[Saved data entries]
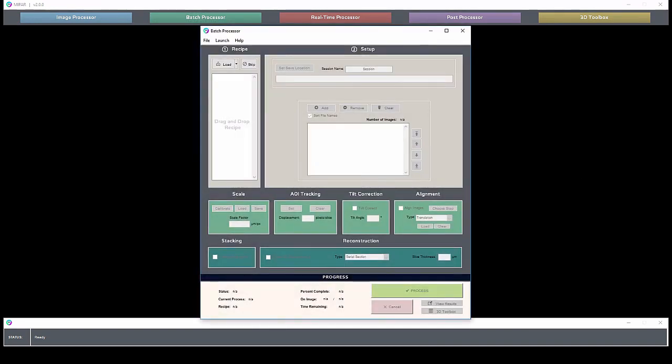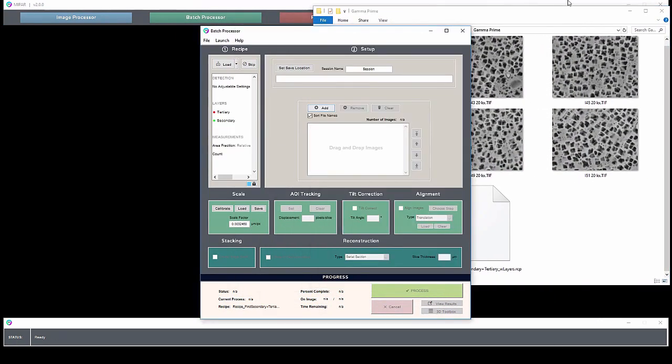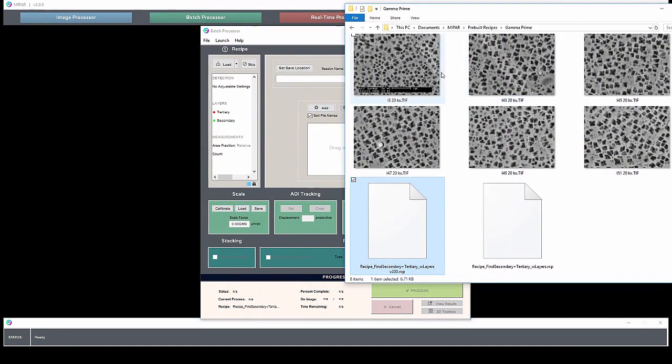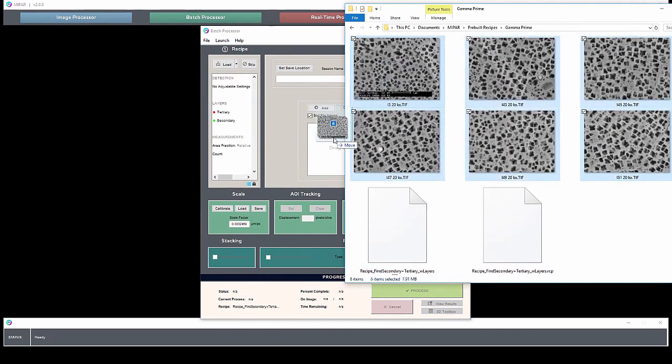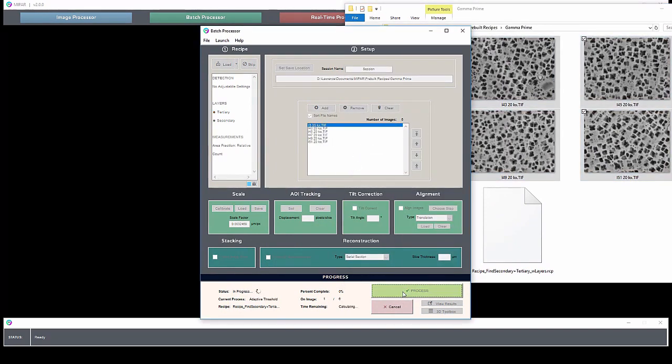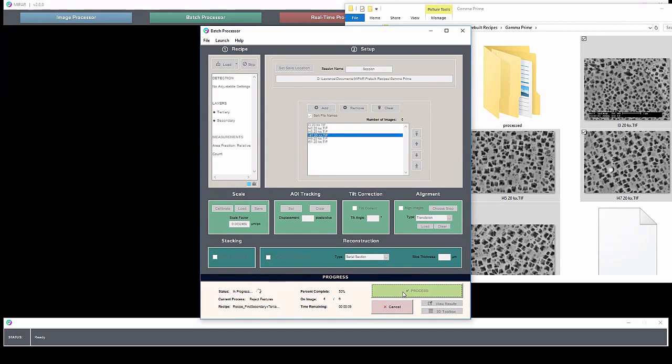As we wind up our introduction to MyPAR, I want to just briefly introduce the batch and post processors. Once you have your recipe developed, you can apply it to a large number of images in the batch processor. Simply load them in, like so, and hit process. Now I recommend doing this during recipe development as well as after, so you can check each chapter and make sure it works for all of your images before moving on to the next chapter.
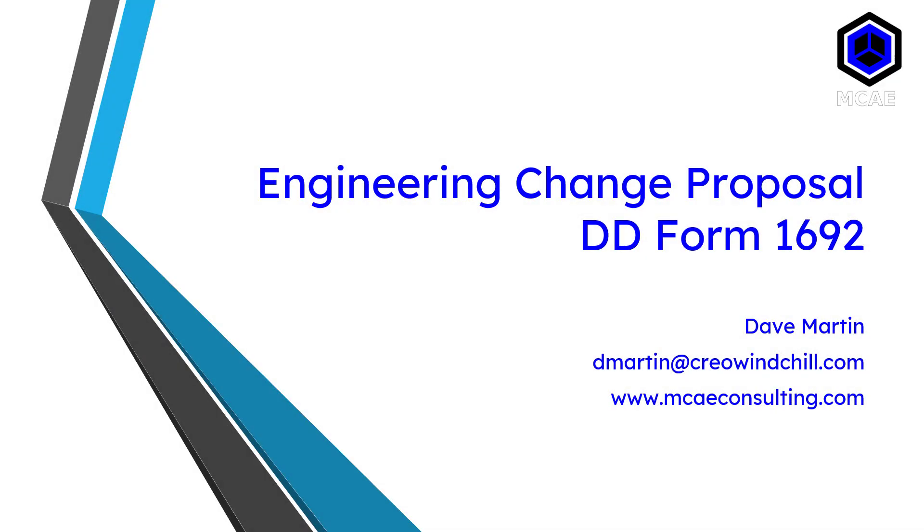Hi, everyone. This is Dave Martin, and I'd like to talk to you about another resource for configuration management. It is the Department of Defense Form 1692, which is the Engineering Change Proposal.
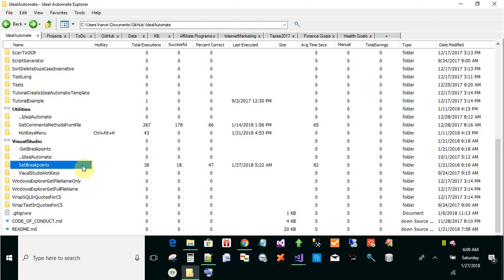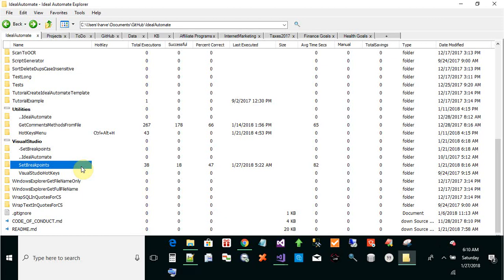This is a video to show how easy it is to automate setting breakpoints on anything in Visual Studio. You can set breakpoints on all public methods, as with this example I'll show, but you could also set it to set breakpoints on any assignment to any field. This can be very helpful.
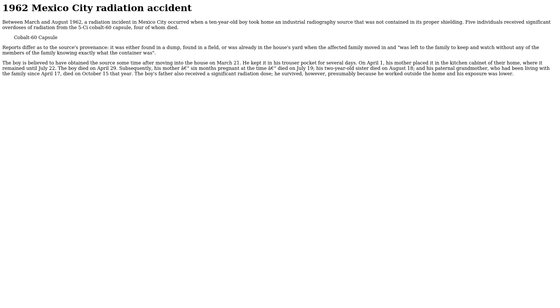The boy's father also received a significant radiation dose. He survived, however, presumably because he worked outside the home and his exposure was lower.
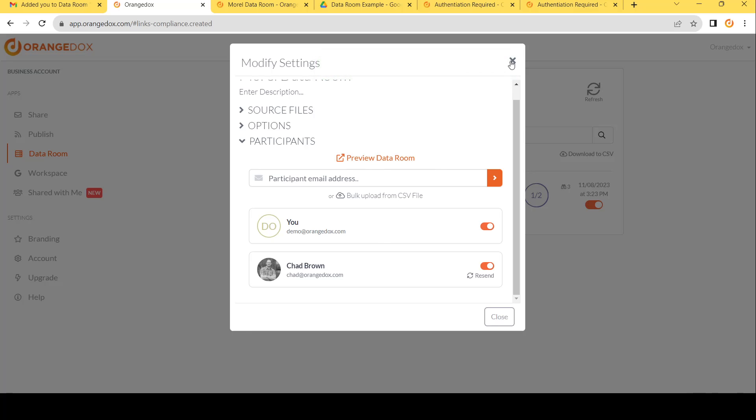And hopefully this gives you an overview of how to create a data room using Orange Docs.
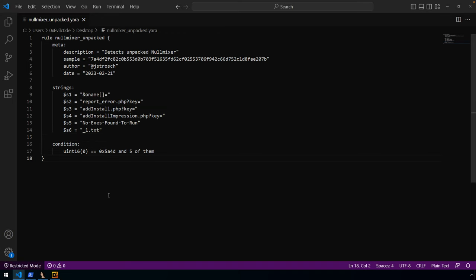So again, there's a rule fairly straightforward, just using strings. I thought it was a good example to talk about that. Any questions, comments, please leave them below. Comments are open. I'd love to hear from you. Otherwise, I think this wraps up our NullMixer series and looking forward to talking to you about more YARA basics in future videos. Thanks for tuning in.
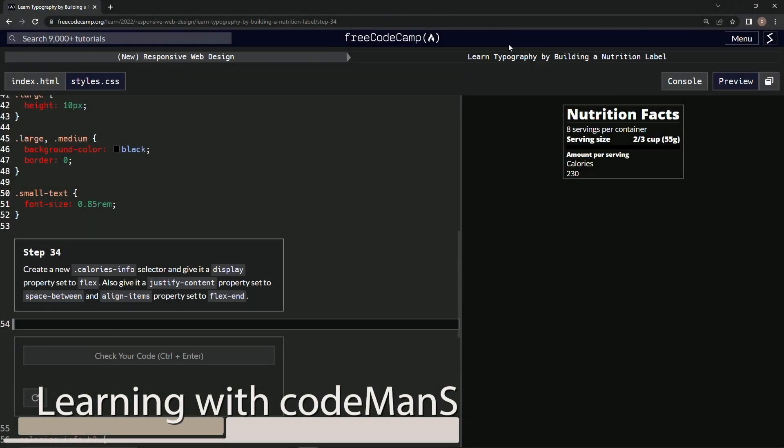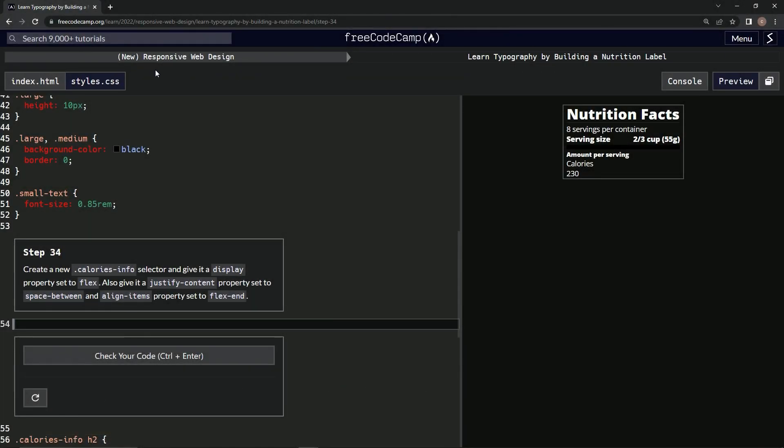Alright, now we're doing FreeCodeCamp New Responsive Web Design, Learn Typography by Building a Nutrition Label, Step 34. So now we're going to create a new calories-info selector and give it a display property set to flex. We're also going to give it a justify-content property set to space-between and align-items property set to flex-end.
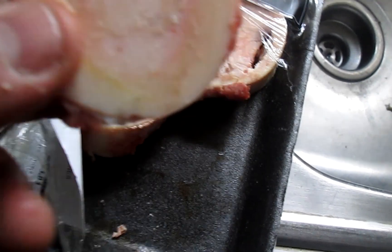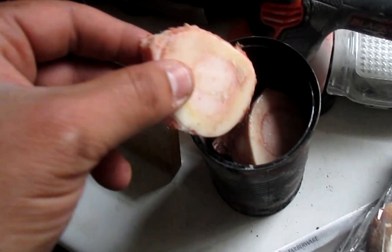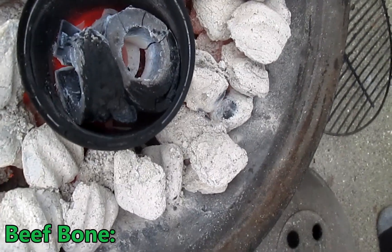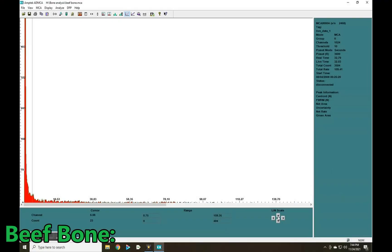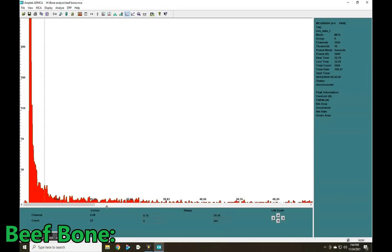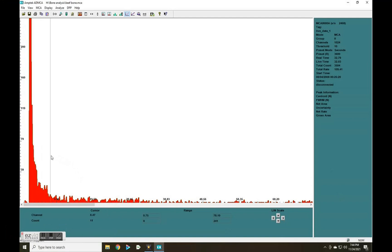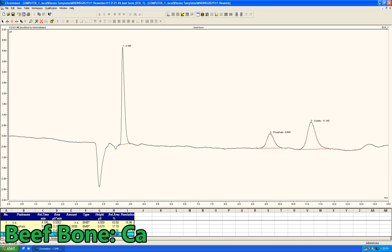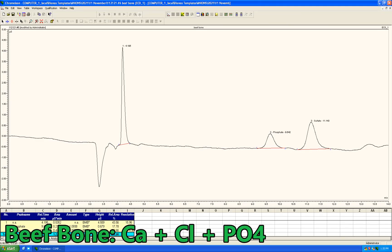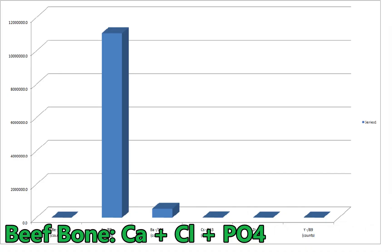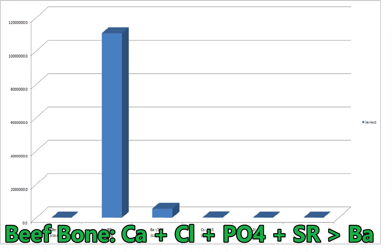Results like this demand actual beef bone analysis. Much like with bone ash, the XRF reveals mostly calcium, and the IC shows some chloride along with phosphate again. But this time, the mass spectrometer displays a higher concentration of strontium versus barium.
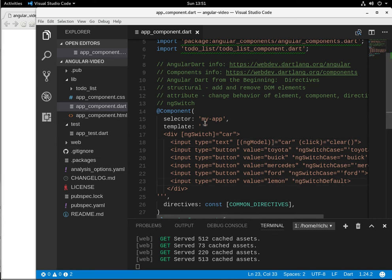Hi everyone, this is Richard. In this video we're going to talk about another structural directive, the ng-switch.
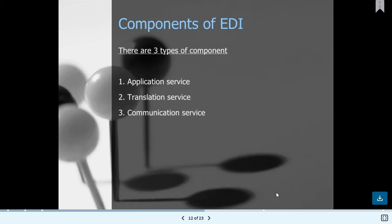The components of EDI include three main parts: first, the application service; second, the translation service; and third, the communication service. In the application service, we work on software systems. The translation service interprets and transfers data from raw data into standard format. The communication service allows communication with the client via email, links, or phone calls.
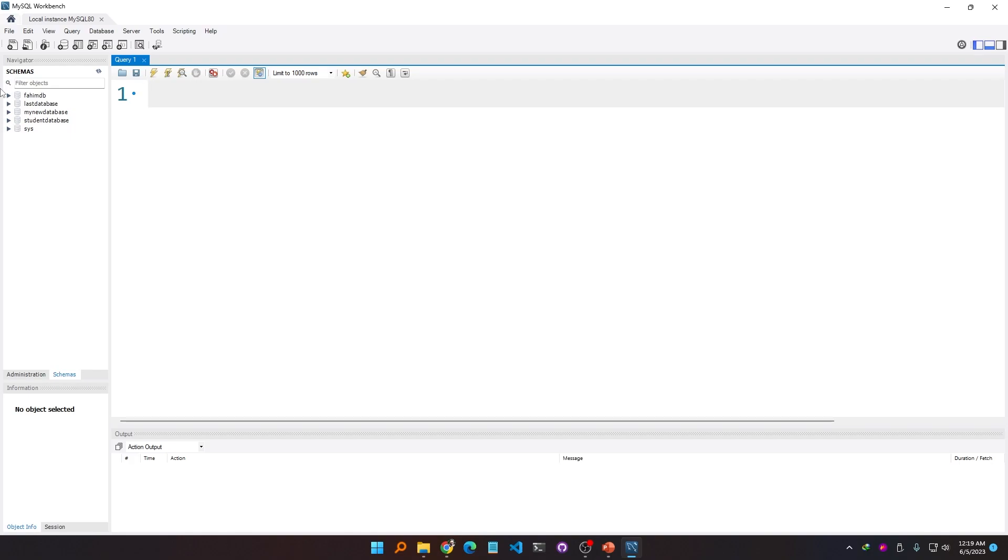Hello, this is Fahim. Today I'm going to show you how we can select a specific database to work with. You can see that I have multiple databases here in my MySQL Workbench, for example fahimdb.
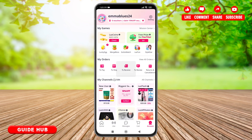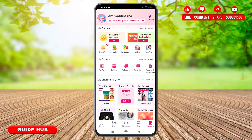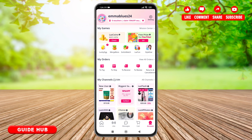And here you go. You have successfully been logged in to your Lazada account. Now you can enjoy Lazada, the e-commerce platform that allows users to buy products from a variety of sellers. It offers a wide range of products that you can purchase and ship to your location as preferred.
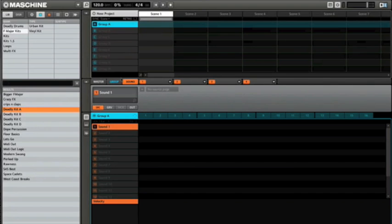Hey what's happening everybody, this is F Major and I just want to give you some quick tips on how to better manage your scenes inside Machine.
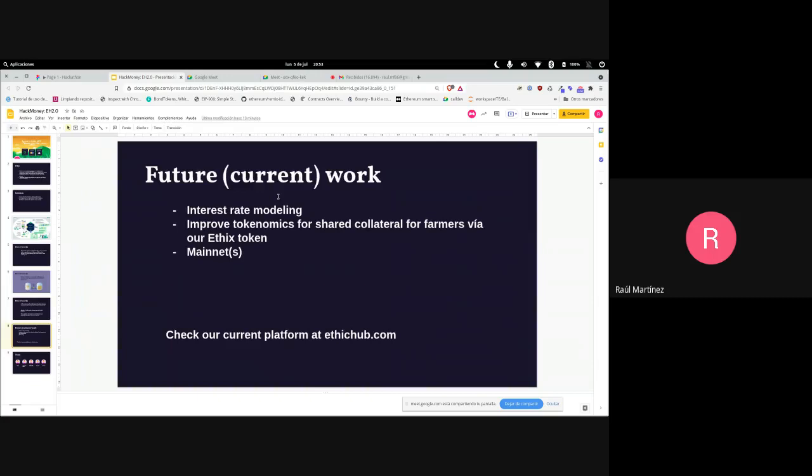Future work includes more interest rate modeling to better determine bond interest rates depending on market conditions and algorithmic adjustments. We'll improve the tokenomics for shared collateral for farmers, which we're currently doing with our own token and also with the produce. We'll deploy this on mainnets like Ethereum, Polygon, etc.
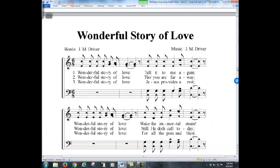Let's do another one. Notice here — DO is the first note. DO is on the third space from the bottom. The spaces spell the word FACE, so: F, A, C — that note is a C.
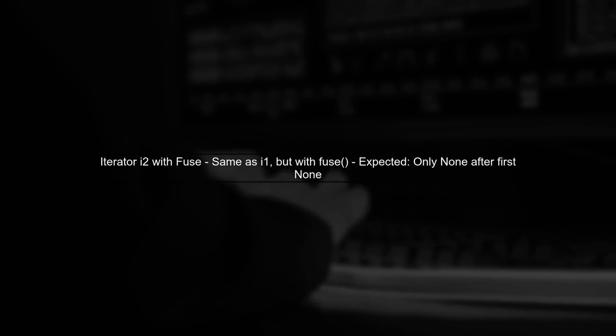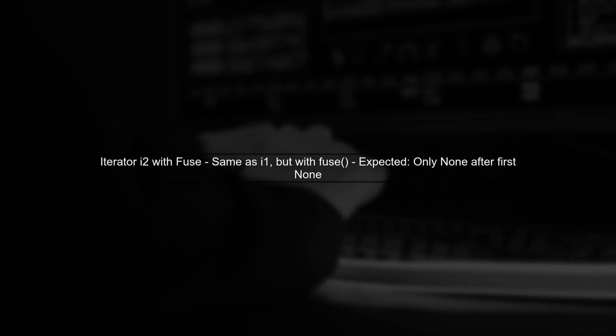Now let's look at Iterator I2, which is the same as I1, but adapted with the Fuse method. The Fuse method is supposed to ensure that after the first none, it will only return none.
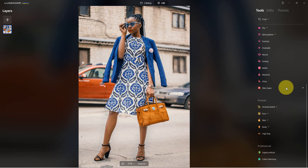I'm going to exaggerate these effects, so you probably wouldn't go as far as I'm going to go. It's just so you can see what the portrait bokeh tool can do. You might have a background that's much more in focus that you want to bring slightly out of focus, or a background that's already blurry that you want a little more blur or bokeh on.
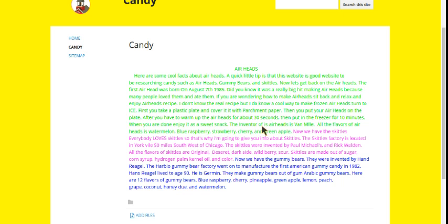The inventor of Airheads is Van Mill. All of the flavors of Airheads are watermelon, blue raspberry, strawberry, cherry, and green apple.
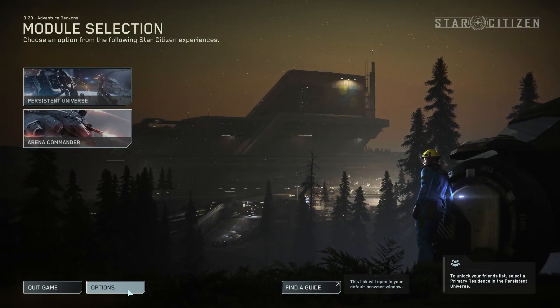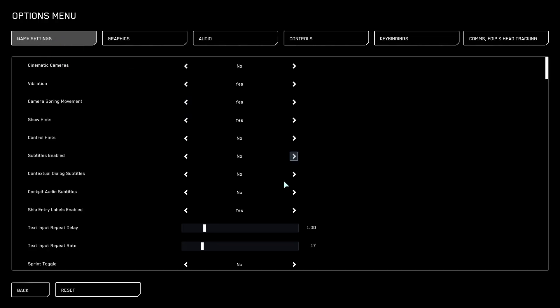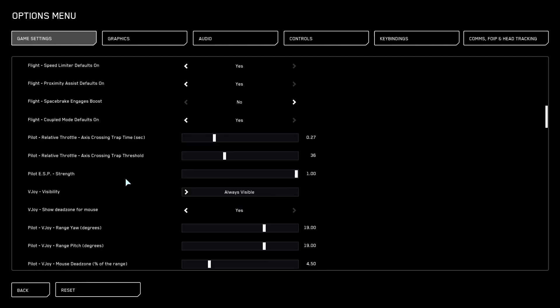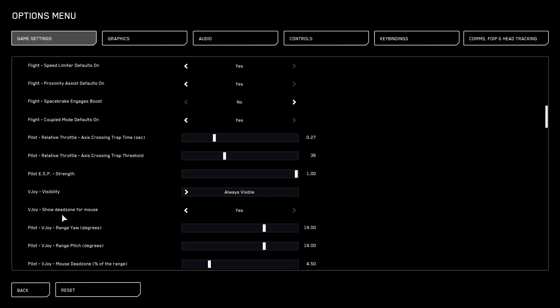To do this, first we'll need to open our options, navigate to the game settings, then inside scroll down and locate the VJ show deadzone for mouse, which we can activate or deactivate.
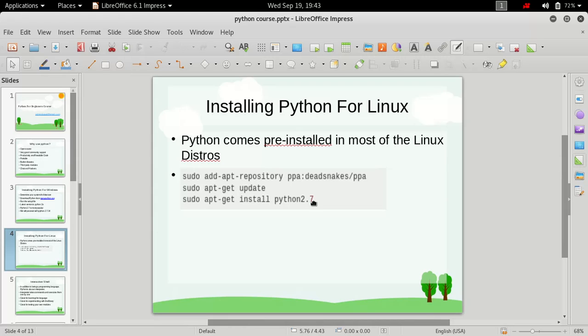you choose, but I'll be going with Python 2.7. That's it for this video, I hope you like it. See you in the next video.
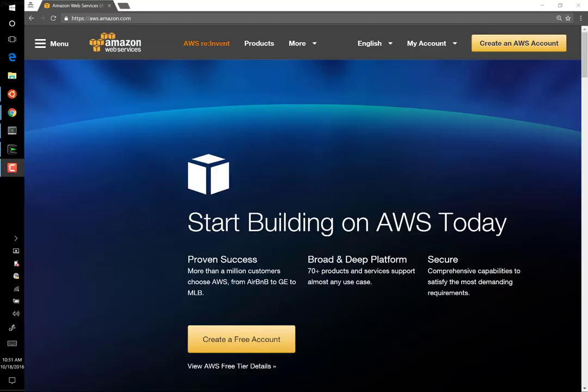This video explains how you can get set up with a GPU-based server on Amazon Web Services. The server is all ready for you to start running deep learning models, and we will be using it in the Data Institute Deep Learning Certificate.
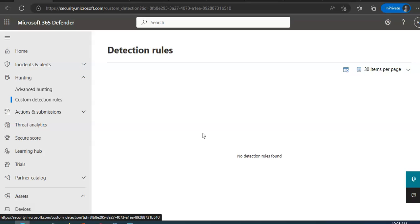The Security Operator role is sufficient for managing Custom Detections only if role-based access control is turned off in Microsoft Defender for Endpoint. If you have RBAC configured, you also need the Manage Security Settings permissions for Defender for Endpoint.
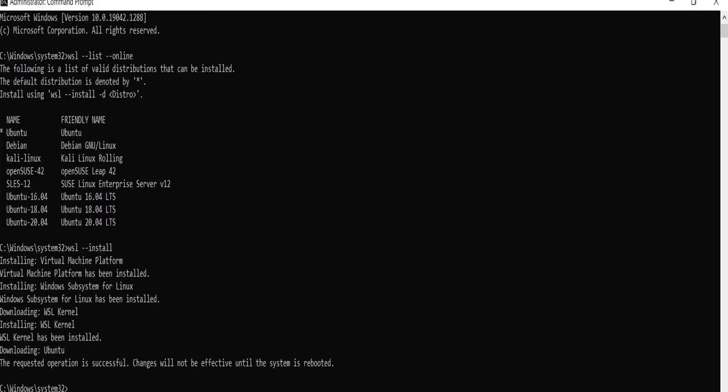As you see in the last line after downloading Ubuntu, it says the requested operation is successful. Changes will not take effect until the system is rebooted.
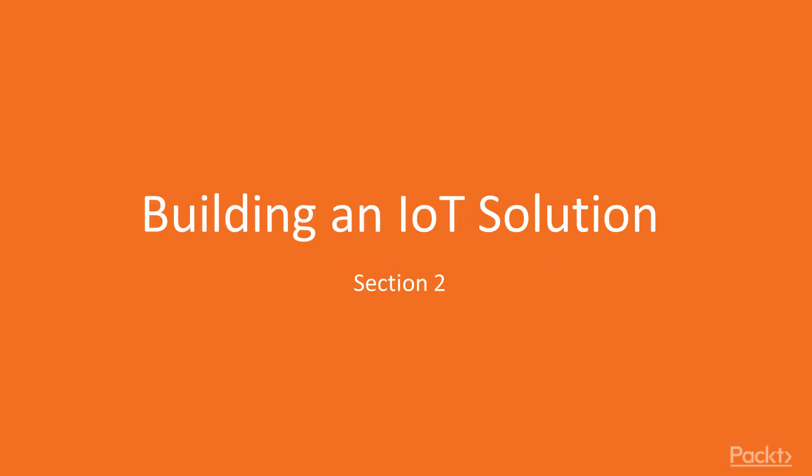Hello ladies and gentlemen, welcome to this section building an IoT solution. This is a really exciting section in terms of the takeaway and the content.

**What you are asked to do:** In the records above, find the line with "This is a video" and the line with "The components of"; please transcribe exactly those two lines and all lines between them, omitting any picture.

**Result of this exercise:**
This is a video to show how easy it is to automate setting breakpoints on anything in Visual Studio. You can set breakpoints on all public methods, as with this example I'll show, but you could also set it to set breakpoints on any assignment to any field. This can be very helpful.
The boy's father also received a significant radiation dose. He survived, however, presumably because he worked outside the home and his exposure was lower.
And hopefully this gives you an overview of how to create a data room using Orange Docs.
So again, there's a rule fairly straightforward, just using strings. I thought it was a good example to talk about that. Any questions, comments, please leave them below. Comments are open. I'd love to hear from you. Otherwise, I think this wraps up our NullMixer series and looking forward to talking to you about more YARA basics in future videos. Thanks for tuning in.
Alright, now we're doing FreeCodeCamp New Responsive Web Design, Learn Typography by Building a Nutrition Label, Step 34. So now we're going to create a new calories-info selector and give it a display property set to flex. We're also going to give it a justify-content property set to space-between and align-items property set to flex-end.
Results like this demand actual beef bone analysis. Much like with bone ash, the XRF reveals mostly calcium, and the IC shows some chloride along with phosphate again. But this time, the mass spectrometer displays a higher concentration of strontium versus barium.
Hi everyone, this is Richard. In this video we're going to talk about another structural directive, the ng-switch.
The components of EDI include three main parts: first, the application service; second, the translation service; and third, the communication service. In the application service, we work on software systems. The translation service interprets and transfers data from raw data into standard format. The communication service allows communication with the client via email, links, or phone calls.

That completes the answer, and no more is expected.